Sim, porque ao validarmos, temos que nos olhar ao espelho também, e esse nem sempre nos devolve o que queremos receber. 

Não é a vida, os relacionamentos, as expectativas assim também?  

A minha mãe sempre me ensinou que a Expectativa é mãe da Desilusão... 

Quando pousei a chávena e ia para me levantar para a devolver, chávena e pires (com sorte o pacote de açúcar não voou) à menina que se farta de avisar que não há serviço de esplanada... 


Do céu azul, do céu sem nuvens, sem pássaros, sem vento ou brisa, num doce, lento e suave bailado, vi cair uma pena branca, que apanhei delicadamente na palma da mão.  

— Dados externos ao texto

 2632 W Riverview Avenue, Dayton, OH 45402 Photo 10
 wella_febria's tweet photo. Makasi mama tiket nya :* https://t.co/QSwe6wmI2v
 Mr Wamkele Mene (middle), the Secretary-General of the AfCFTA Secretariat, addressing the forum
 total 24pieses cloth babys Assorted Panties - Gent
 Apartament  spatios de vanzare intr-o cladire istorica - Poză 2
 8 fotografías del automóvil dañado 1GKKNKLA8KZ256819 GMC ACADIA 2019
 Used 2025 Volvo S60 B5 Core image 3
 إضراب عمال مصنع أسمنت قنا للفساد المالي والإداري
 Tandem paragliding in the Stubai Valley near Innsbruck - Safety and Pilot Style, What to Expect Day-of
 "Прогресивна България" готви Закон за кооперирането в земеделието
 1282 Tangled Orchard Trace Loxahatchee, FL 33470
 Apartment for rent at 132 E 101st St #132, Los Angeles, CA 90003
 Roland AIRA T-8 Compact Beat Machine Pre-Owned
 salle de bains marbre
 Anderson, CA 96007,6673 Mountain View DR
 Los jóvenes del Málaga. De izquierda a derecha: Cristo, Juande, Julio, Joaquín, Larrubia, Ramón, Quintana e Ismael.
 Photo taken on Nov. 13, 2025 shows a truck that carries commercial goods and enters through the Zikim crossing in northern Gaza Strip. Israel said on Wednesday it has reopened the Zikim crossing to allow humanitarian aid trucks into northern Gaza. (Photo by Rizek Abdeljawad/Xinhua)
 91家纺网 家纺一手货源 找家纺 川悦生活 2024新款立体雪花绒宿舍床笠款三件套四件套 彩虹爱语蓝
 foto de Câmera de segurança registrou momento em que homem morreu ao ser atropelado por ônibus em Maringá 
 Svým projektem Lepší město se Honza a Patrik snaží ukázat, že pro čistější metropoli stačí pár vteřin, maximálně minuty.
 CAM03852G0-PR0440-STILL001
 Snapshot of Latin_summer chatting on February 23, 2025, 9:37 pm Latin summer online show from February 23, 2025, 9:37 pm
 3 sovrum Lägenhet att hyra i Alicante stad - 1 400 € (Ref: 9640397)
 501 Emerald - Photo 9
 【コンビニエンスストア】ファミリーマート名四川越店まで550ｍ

De olhos rasos, guardei a pena, entreguei a chávena (com o pires!) e voltei a sentir um arrepio... mas este senti-o na nuca, como se de um banho de luz se tratasse.  

Fechei os olhos, recompus-me e segui caminho. 

Caminhei. 

Dizem que o Universo nos deixa sinais sincronizados, que nos vão mostrando o caminho. 

Que Deus ou a Deusa, ou o Universo se usam de pessoas e situações para nos fazer chegar “aquela” mensagem na hora certa...  

os óculos de sol, fizeram de escudo e máscara... sim porque quem usa saltos altos, também usa óculos de sol... 

-Mais vaidade que necessidade. 

Olhei mais uma vez para trás, e debaixo dos raios de sol que incidiam agora nas costas do homem do banco (de olhos verdes e pele morena) conseguia apenas ver a palavra “ANGEL” a dourado. 

Provas de que a vida é viva e de que eu não estou sozinha!